Mohamed Mamoun Eisa (born 12 July 1994) is a Sudanese professional footballer who plays as a forward for  club Milton Keynes Dons.

Early life
Born in Khartoum, Sudan, Eisa's family moved to Camden, London when he was nine years old.

Career

Early career
After playing with the Pro Touch Soccer Academy, Eisa had unsuccessful trials at Norwich City, Southend United and Oxford United. He spent his early career in non-league football with Dartford, Leatherhead, VCD Athletic, Corinthian and Greenwich Borough.
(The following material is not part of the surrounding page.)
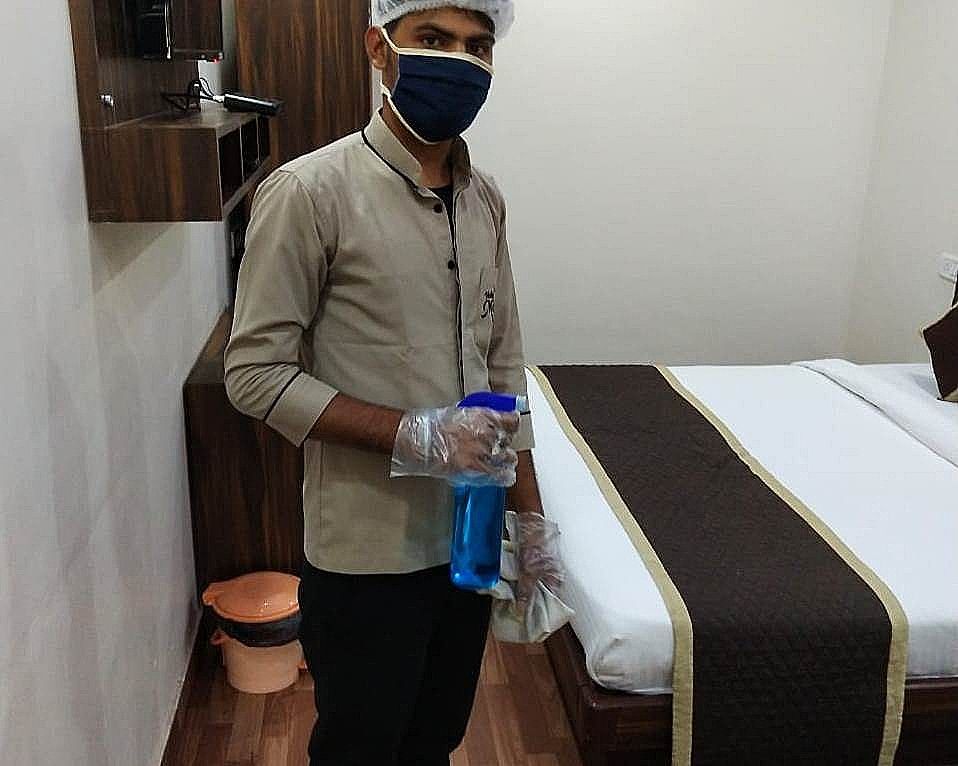 Hotel Mohit Palace Semi Deluxe AC Room 24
At Greenwich he scored 57 goals in 100 appearances in all competitions before leaving the club in June 2017.

Cheltenham Town
He signed for Cheltenham Town on 7 July 2017 on an initial one-year deal. After breaking into the first-team, in August 2017 Eisa signed a contract extension with the club until 2020. On 24 March 2018, Eisa equalled Cheltenham's record for 20 league goals in a season. On 6 April 2018, Eisa won the EFL League Two Player Of The Month Award.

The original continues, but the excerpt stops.